Configuring High Availability

This chapter contains the following sections:

High Availability Overview

ESC supports High Availability (HA) in the form of a Primary and Standby model. Two ESC instances are deployed in the network to prevent ESC failure and provide ESC service with minimum service interruption. If the primary ESC instance fails, the standby instance automatically takes over the ESC services. ESC HA resolves the following single point failures:
  • Network failures

  • Power failures

  • Dead VM instance

  • Scheduled downtime

  • Hardware issues

  • Internal application failures

How High Availability Works

ESC HA network can be either set up as a single installation of a ESC HA pair or deployed as two standalone ESC nodes that are converted into HA pair after re-configuring these nodes post deployment. A HA deployment consists of two ESC instances: a primary and a standby. Under normal circumstances, the primary ESC instance provides the service. The corresponding standby instance is passive. The standby instance is in constant communication with the primary instance and monitors the primary instances' status.

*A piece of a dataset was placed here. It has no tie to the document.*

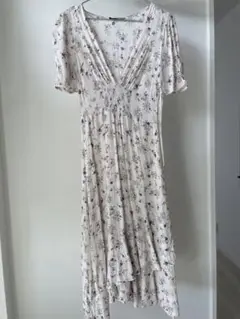 Stradivarius 小花柄ワンピース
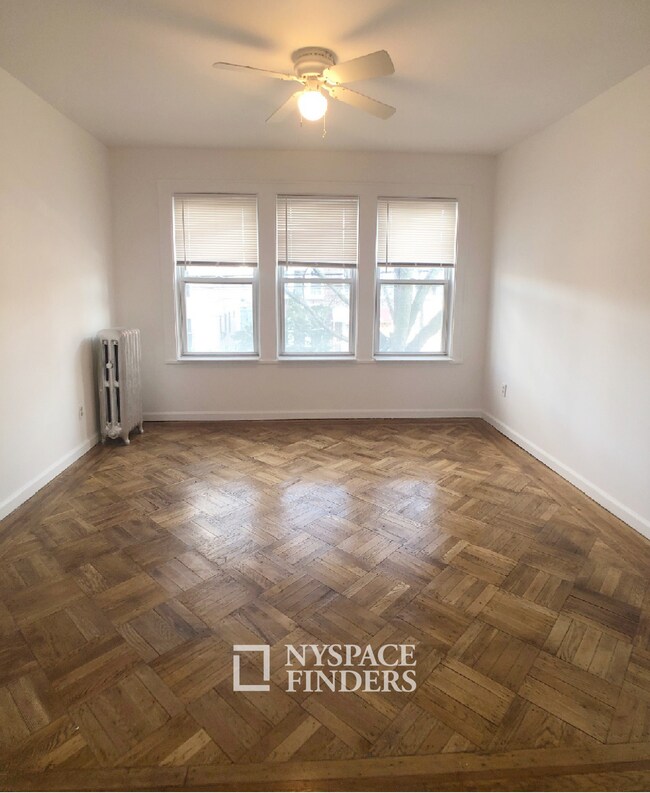 Building Photo - 22-24-24 Crescent St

If the primary ESC instance fails, the standby instance automatically takes over the ESC services to provide ESC service with minimum interruption.

The standby also has a complete copy of the database of the primary, but it does not actively manage the network until the primary instance fails. The KeepAliveD service monitors both primary and standby instances activity status. When the primary instance fails, the standby takes over automatically. The standby instance takes over primary instance to manage the services while primary instance restoration is taking place.

When the failed instance is restored, if required you can manually initiate a switch-over and resume network management via the primary instance.

Both primary and standby ESC instances are connected to the northbound orchestration system through an IPv4 or IPv6 network. For the northbound system, a unique virtual IP address is assigned to access the current primary ESC High Availability instance. The deployed VNFs are connected to both ESC primary and standby instances through another IPv6 network.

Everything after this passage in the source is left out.